DEFINITION of 'Filter'
A filter is any form of criteria used to determine financial vehicles that can help to achieve investment objectives or fit within a specific investing style. Also referred to as screening, a filtering process often starts with a general set of parameters to eliminate companies that do not fit the investment style or objectives of an investor or portfolio manager. As the process continues, increasingly specific filters can be applied to define the financial vehicles that most closely match the optimal parameters for investment.
BREAKING DOWN 'Filter'
Filters are often used first to narrow the choices for investment by eliminating the companies, indices or financial vehicles that do not meet the broadest criteria for investment. For example, the first filter used by a portfolio manager of a large-cap dividend fund might be a screen that eliminates all small- and mid-cap companies from consideration. The second filter could be used to segregate all large-cap equities that do not pay dividends. As filters get more specific, they can be divided into two categories.

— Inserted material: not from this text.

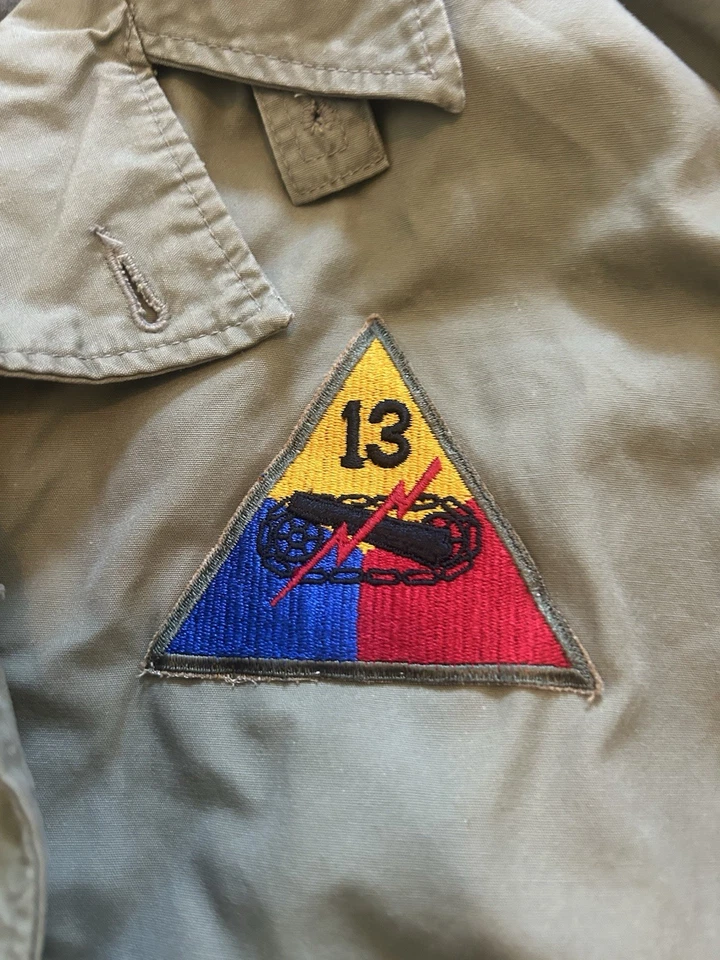 Chaqueta de Campo M41 Reproducción De Colección Segunda Guerra Mundial Talla 46 Hecha por Sturm 13th Armor Foto 3 de 4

Valuation-based filtering processes typically focus on company fundamentals and the balance sheet, including free cash flow, revenues, earnings and debt-to-equity ratios. For example, the filters used by the manager of a large-cap dividend-paying fund might include a minimum for the current ratio of free cash flow to dividend payments, with the objective of subtracting companies from consideration that do not meet that benchmark.

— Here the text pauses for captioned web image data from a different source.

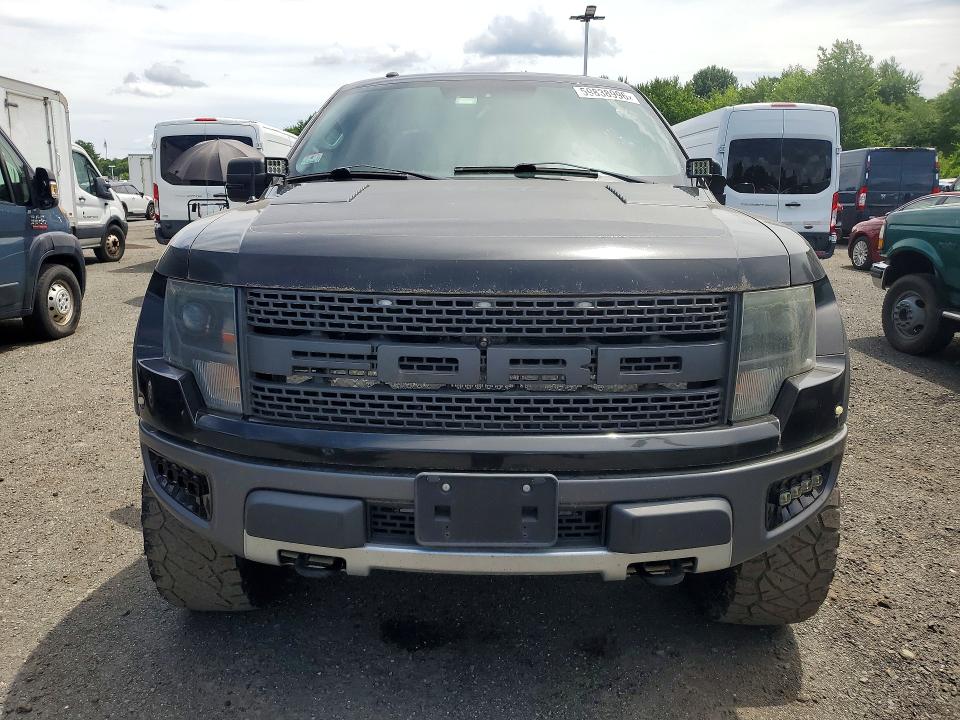 2013 Ford F-150 lightning VIN 1FTFW1R61DFA89358 COPART salvage auction — MINOR DENT/SCRATCHES, MA - CERTIFICATE OF TITLE (P), sold $15,000 on 2026-07-30 (photo 5)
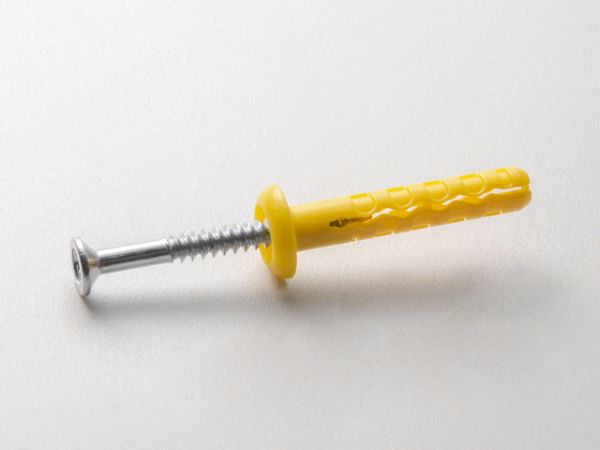 Tassello a percussione giallo TBL diametro 6X38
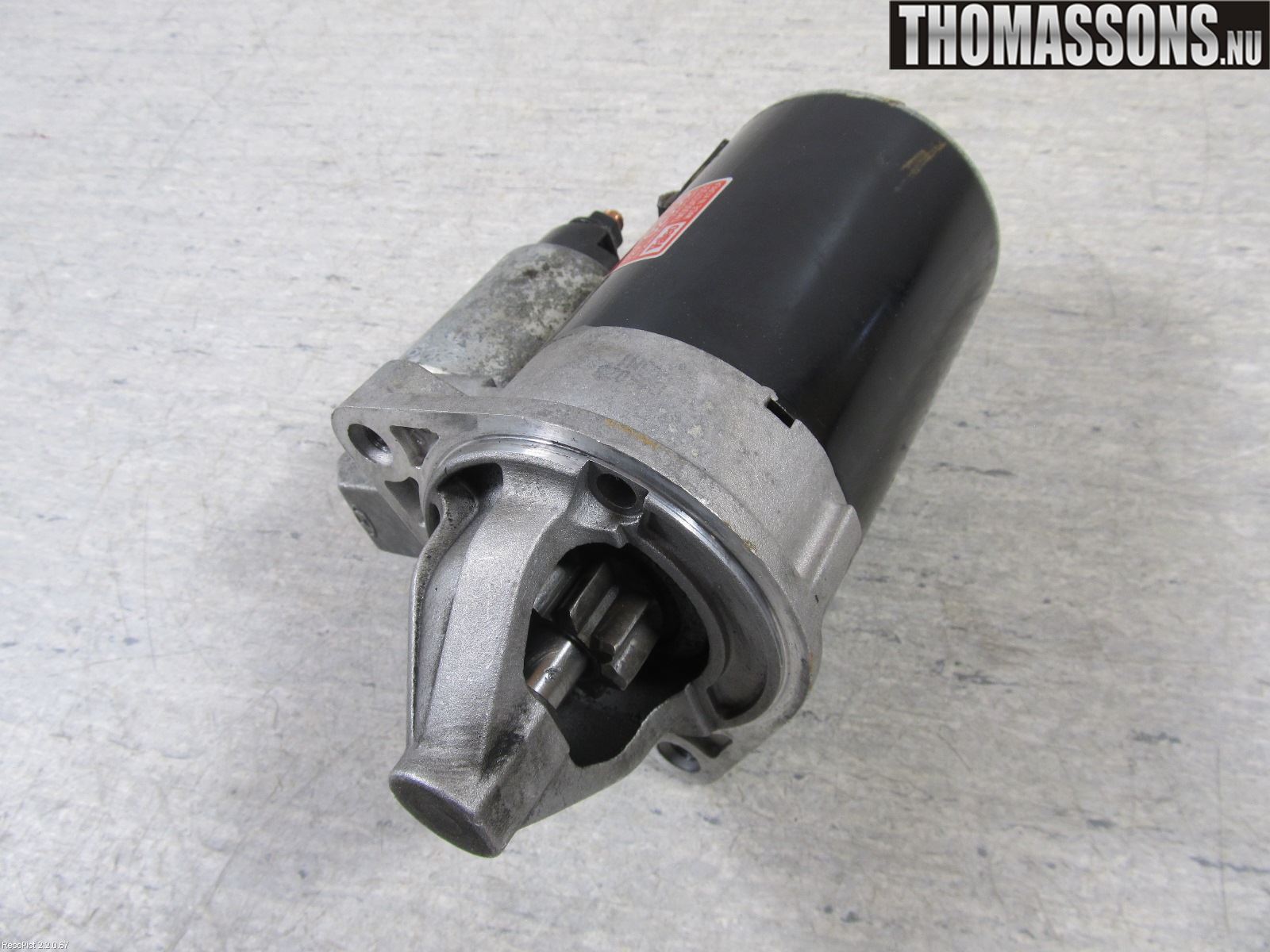 Hyundai i10 PA 08-13 Startmotor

A second filter could be implemented to subtract companies that fall below a benchmark for historic growth rates of free cash flow and dividend payments. In this type of process, portfolio managers continue to test companies against increasingly stringent filters until they make their final buying decisions.
Growth managers are more likely to use technical filters as a means of determining the companies with the highest potential to deliver returns. For example, a top-down manager might start the screening process with a broad-based filter such as sectors trading above their 200-day moving average. After eliminating the sectors trading below the moving average, a manager might set a filter for companies in the remaining sectors trading above their 10-week moving average.

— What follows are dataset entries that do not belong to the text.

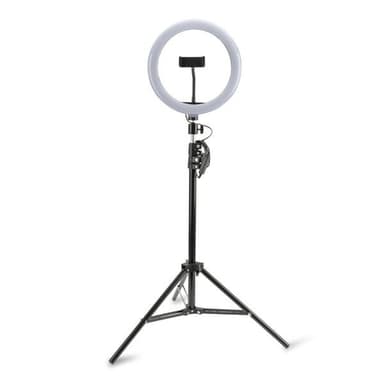 4Smarts LED-ring LoomiPod XL med stativ & Green Screen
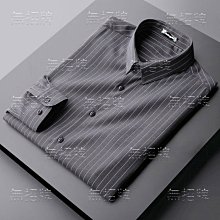 男長袖襯衫 條紋襯衫男士mxl外套男秋季長袖寬松痞帥氣個性港風潮流韓版ins上衣黑色綠色木吉街風男裝-時尚男裝 歷史價格詳細信息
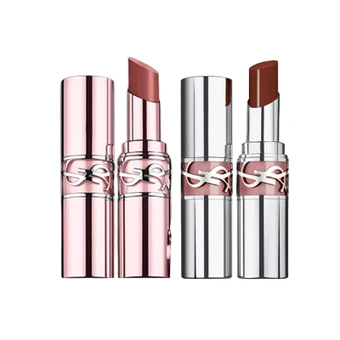 Губная помада YSL Saint Laurent двойная, розовая и круглая, 3.1г+3.2г | Китай.рф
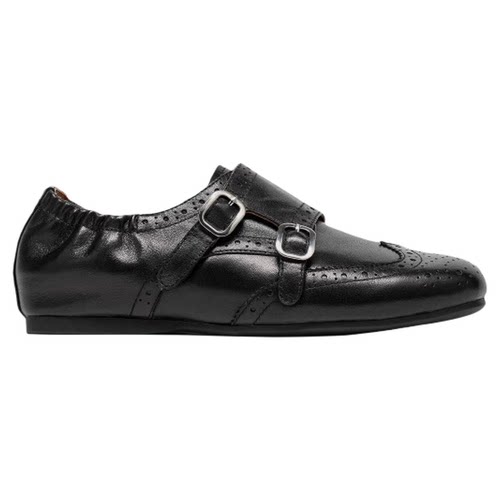 【Beautoday专场】牛津乐章乐福鞋女款2026老钱风孟克鞋布洛克鞋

As the number of companies that meet the parameters of each sequential filter narrows, the manager could set specific filters to find the companies trading with the highest levels of momentum. For example, a filter could be set to screen for companies in established uptrends with increasing volume. Much like with the valuation-based screening process, a growth manager could create as many technical filters as necessary to determine the companies that best fit the style and objectives of the portfolio.